ICE was incredibly brilliant.

Like I said before it’s crisis time in 3D land.

I hope C4D solves it’s yesterday technology today problem because without being able to handle heavy
geometry which was a staple of Softimage circa 2005…one has to wonder WHY ANY software can’t handle it…especially ‘flagship’ software in almost 2020. Shame.

I had no idea 2.8 blender would have a new interface…I kinda gave up any hope and hadn’t bothered to check it out. The narcissistic idea that the previous interface was something to be worked with was laughable… Right click select…for what? Ego, to be different, special?
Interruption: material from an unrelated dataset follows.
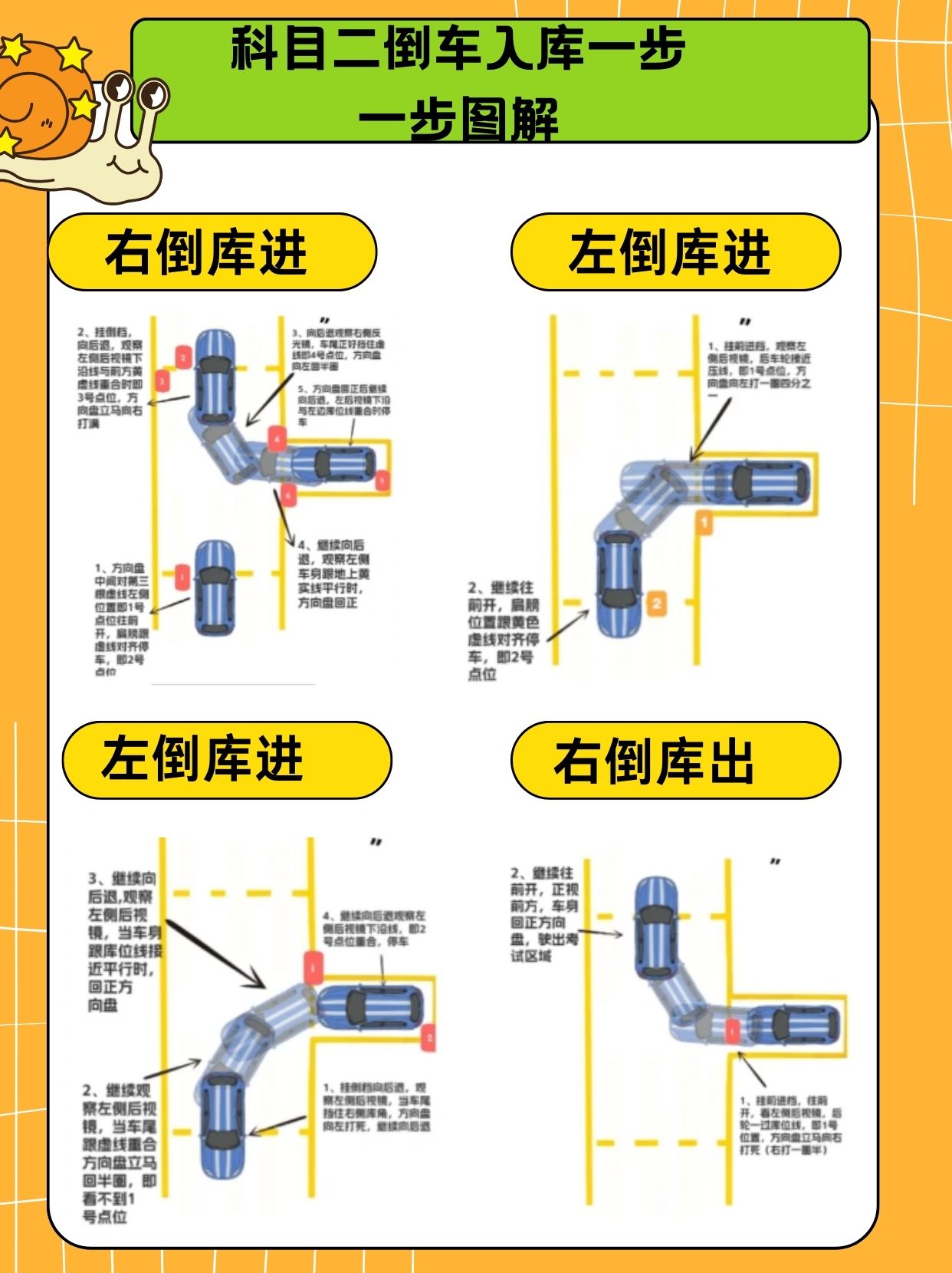 倒车入库图片平面图图片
It certainly wasn’t \innovative’.
It was just annoying.

And now after all the years the ego relents and we now have left click select…which btw is pretty much how you select anything in most all software…not just 3D. Or was the team dyslexic?

I’ll give it another worl…but if it can’t handle thousands of wind driven instances and heavy characters I’m spitting in the wind, no? This is what I need… a software that can at least do that job well.

I don’t want everyone to think Softimage was the end all be all, but be honest nothing out there comes close. Nothing. Was it perfect, no. Was it going in the right direction, yeah until autodesk lied
and sank it. Then gutted it to bolt onto FrankenMaya. Like poor mudbox should have been lightyears ahead of zbrush by now…with all the money and genius talent at autodesk, right?

I’ve tried C4D and like it except for the geo limitation which makes it unusable to me.
Houdini has great tools and architecture but having node chart a mile long to do simple tasks
is stupid.

Maya, is FUBAR nothing can save that garbage.

Again, I’m not gas lighting, just very very frustrated. Like after all this time Photoshop STILL can’t effectively manipulate true 32bit images. Why, that’s where the tech is going adapt. But no, they buy and kill…now allegorithmic is doomed.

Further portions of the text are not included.